Colombie-Britannique: trois parents pour un enfant

En Colombie-Britannique, une juge vient d’ordonner que « les trois membres d’une “triade” polyamoureuse » soient enregistrés comme parents d’un petit garçon de deux et demi. Contre l’avis du procureur général. 

Mais pour la juge, Sandra Wilkinson, la loi provinciale sur la filiation présentait une « lacune » qui empêchait jusque-là Olivia d’être mère légale d’un enfant qu’elle « considère » comme son fils.
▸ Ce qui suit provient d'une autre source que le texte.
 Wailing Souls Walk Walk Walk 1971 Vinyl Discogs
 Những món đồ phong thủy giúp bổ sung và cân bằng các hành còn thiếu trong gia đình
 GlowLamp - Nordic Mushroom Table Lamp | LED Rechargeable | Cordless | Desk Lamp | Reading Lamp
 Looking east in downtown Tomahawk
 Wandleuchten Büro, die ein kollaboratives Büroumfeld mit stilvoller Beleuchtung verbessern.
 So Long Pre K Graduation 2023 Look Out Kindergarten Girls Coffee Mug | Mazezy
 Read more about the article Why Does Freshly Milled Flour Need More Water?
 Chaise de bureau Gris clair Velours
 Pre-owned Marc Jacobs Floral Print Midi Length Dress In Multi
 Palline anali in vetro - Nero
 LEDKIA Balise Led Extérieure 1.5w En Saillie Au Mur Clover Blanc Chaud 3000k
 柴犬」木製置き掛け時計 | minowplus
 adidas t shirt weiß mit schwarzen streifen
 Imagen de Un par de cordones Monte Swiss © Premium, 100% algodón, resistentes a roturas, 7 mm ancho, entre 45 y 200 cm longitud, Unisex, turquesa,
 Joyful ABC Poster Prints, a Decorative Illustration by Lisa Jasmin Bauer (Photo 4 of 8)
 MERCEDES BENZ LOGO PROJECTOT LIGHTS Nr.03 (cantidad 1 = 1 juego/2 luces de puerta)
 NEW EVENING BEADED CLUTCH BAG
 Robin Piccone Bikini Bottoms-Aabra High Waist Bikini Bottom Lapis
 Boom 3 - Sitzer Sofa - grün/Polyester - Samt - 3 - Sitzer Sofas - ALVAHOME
Olivia vit avec Bill et Eliza depuis 2016. En 2018, Eliza a donné naissance à Clarke, dont Bill est le père biologique. Clarke ayant été conçu naturellement, Eliza et Bill ont été reconnus automatiquement comme ses parents sur son certificat de naissance, mais Olivia voudrait aussi être « parent à part entière ». Si Clarke avait été conçu par procréation assistée, Olivia, Bill et Eliza « auraient pu conclure un accord pour que tous soient déclarés parents en vertu d’un article différent de la loi sur le droit de la famille ». Pour la juge, il s’agirait donc d’un oubli : « le législateur n’a pas prévu la possibilité qu’un enfant puisse être conçu par voie sexuelle et avoir plus de deux parents », déclare-t-elle.

Dans un précédent en 2018, un tribunal de Terre-Neuve-et-Labrador avait autorisé trois membres d’une relation polyamoureuse à être enregistrés comme parents d’un bébé. Toutefois dans ce cas la relation impliquait une femme et deux hommes, et « on ne savait pas lequel des hommes était le père biologique ».